This is the main message of the book Getting Things Done: How can you work efficiently and with a clear head? To fully focus on your tasks, your mind needs space.

With a rigorous data management system you are able to have a stress-free, relaxed and under control life, and that is what David Allen proposes in his Getting Things Done technique.

It consists of several categories:

  • Projects
  • Next Actions
  • Waiting For
  • Someday/Maybe

In Proud you have three tabs, each of them serving a different purpose. The first tab is a master list which is similar to the “Projects” category. You have unlimited freedom of writing tasks there.

Let’s examine the “Projects” option. When you write “Projects” on the first tab, you can easily get inside this “task” and enter projects that you want to focus on. Some examples: Buy a new house, Launch Product X, Start Saving Money. Inside each Project tab you can enter subtasks: Talk to @Mom about lending you money, Go to the bank to ask for a loan, etc. That way you can have all your projects organized simply inside one task called “Projects”.

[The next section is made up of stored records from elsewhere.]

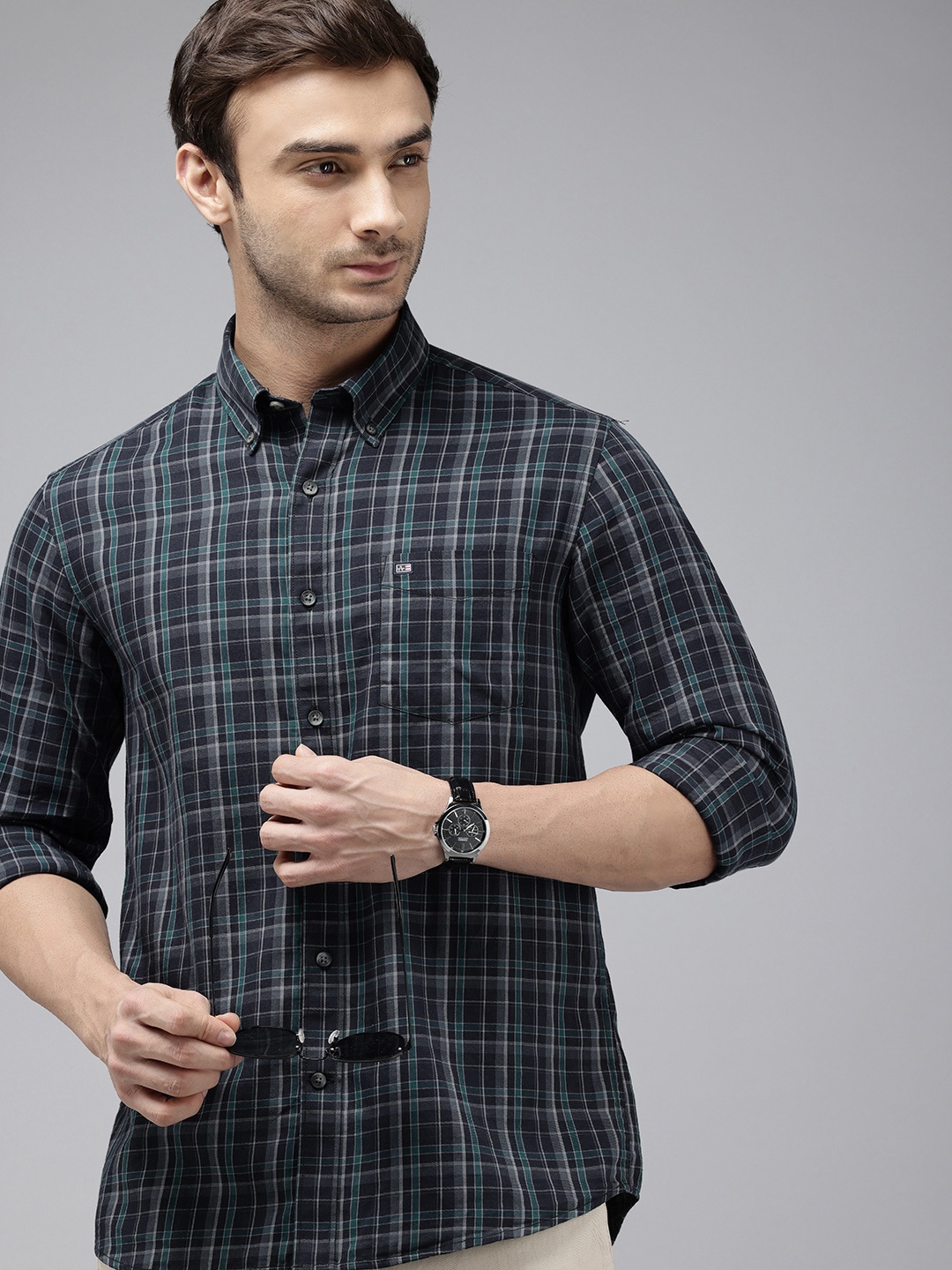 

Arrow Sport Pure Cotton Manhattan Slim Fit Checked Casual Shirt, Blue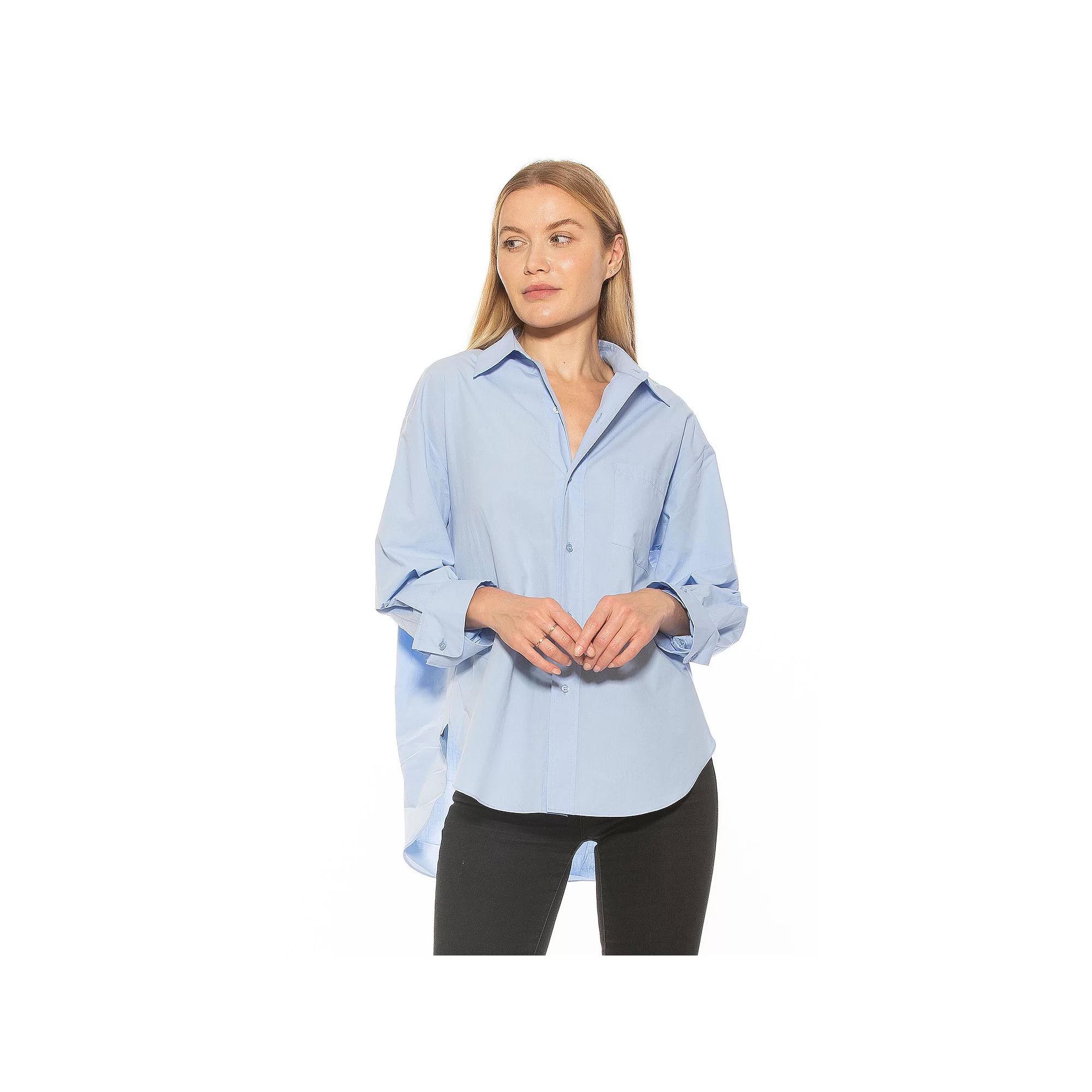 Women's ALEXIA ADMOR Amber Classic Boyfriend Fit Button Down Shirt, Size: XL, Blue Product Image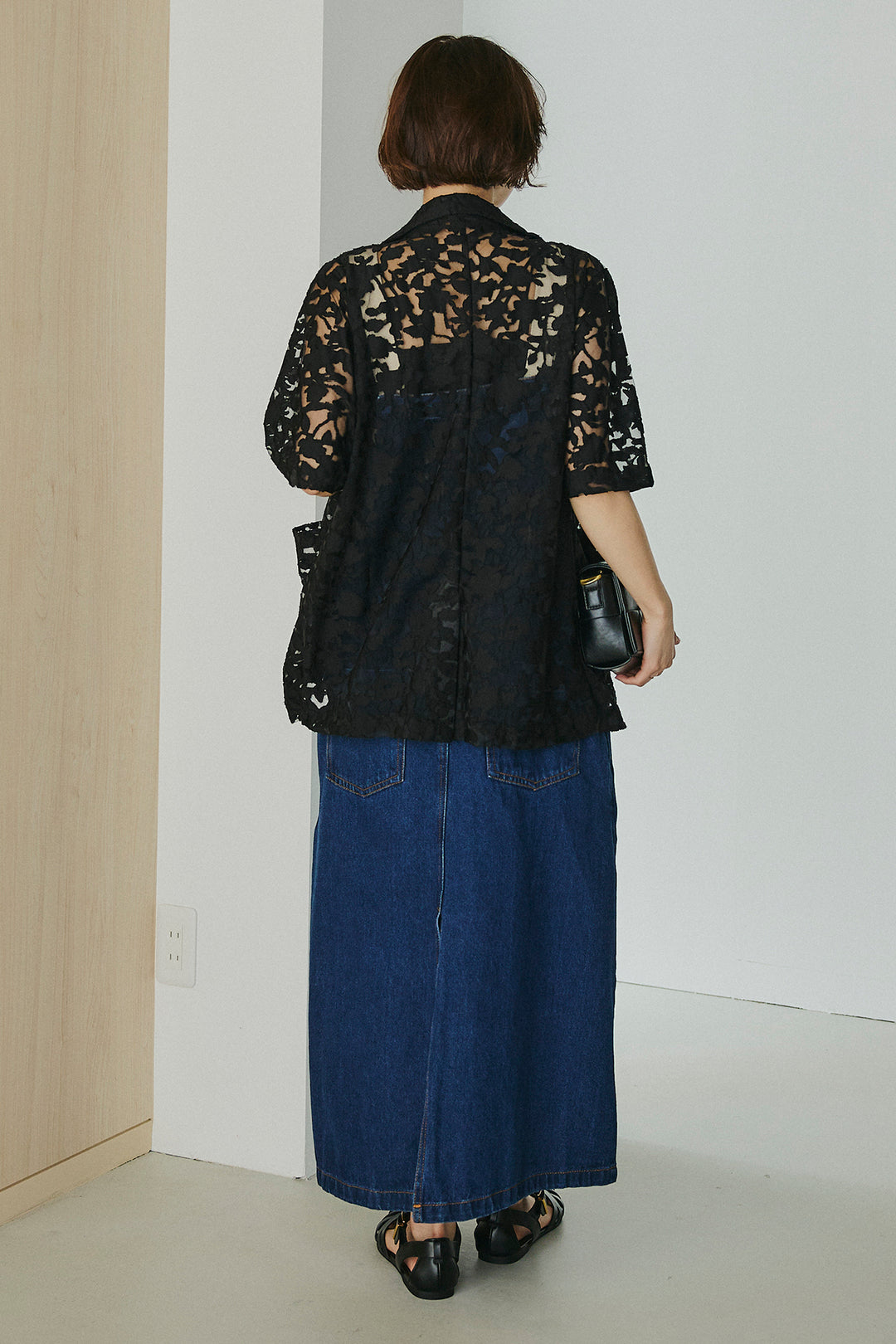 [SET]シアージャガードハーフスリーブテーラードジャケット+配色ショルダーデニムサロペットスカート(2set)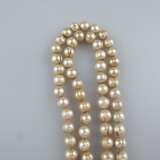 Endlose Akoya-Perlenkette - beigefarbene, barocke… - Foto 6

The “Waiting For” task should have subtasks related to things that you are waiting for, for example, someone on your team has to finish a task before you can proceed with other stuff. On this tab you’ll enter things like: Get File X from @Sebastian, Wait for feedback from @Dan, etc. Having one place like this can give you an overview of the tasks that other people have to finish and that are important to you.

The “Someday/Maybe” task can have subtasks like: “Things to buy”, “Movies to watch”, “Songs to purchase”, and each of them can have a list of things to buy, watch or listen to.

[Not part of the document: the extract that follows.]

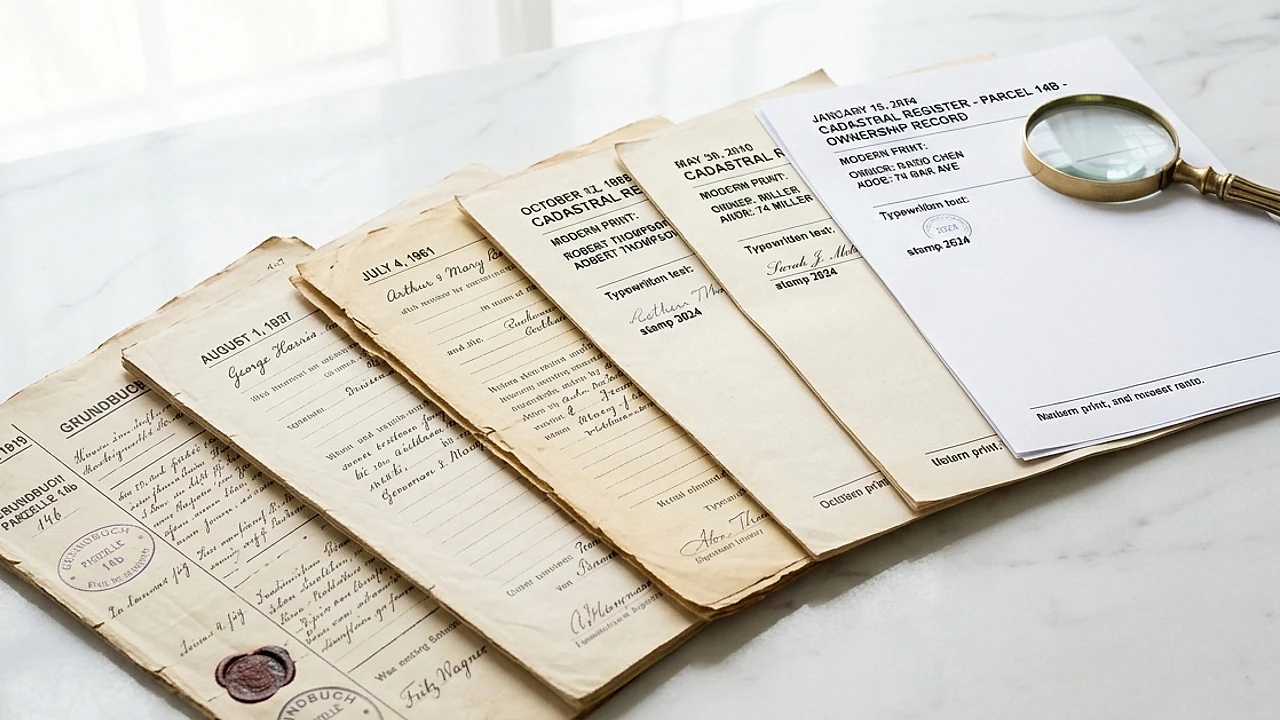 Registro catastale storico con timeline dei passaggi di proprietà, visura catastale storica di un immobile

The “Next Actions” task should be treated differently, though. The second tab in Proud is a perfect tool for “Next Actions”, when you work with a flat list of things that you are going to do next. Let’s say you are at work and you just remembered that you have to mow the lawn in the evening. You go to the second tab and swipe down to create a task called “Mow the lawn”. When you’re finished creating the task, Proud will automatically ask you when you want to do this task. You choose “This Evening”, and you can continue working on what you were focused on. In the evening, a gentle notification will be displayed on your iPhone reminding you to mow the lawn. Isn’t this workflow beautiful?

What is Proud’s third tab for?

The third tab logs everything you have already accomplished with your life. This is a perfect place to check on what you do each day of the week. With that information you can identify tasks that are draining your time and energy, or don’t produce any results, or produce really bad results.

David Allen also proposes checking with your lists at least once a week. Proud has this action covered as well. With Proud you can easily follow your habits by creating a task on the second tab. When choosing the time of the day, e.g. “This Evening”, you can transform the task into a habit by choosing how many times Proud should remind you about that task every day, week, month or year. That way you can make a habit: Once a Week, on Sunday Evening, you will “Check out all the lists in Proud”. Isn’t that great? I believe it really is.

Proud is a very flexible productivity tool that can support many different productivity methods.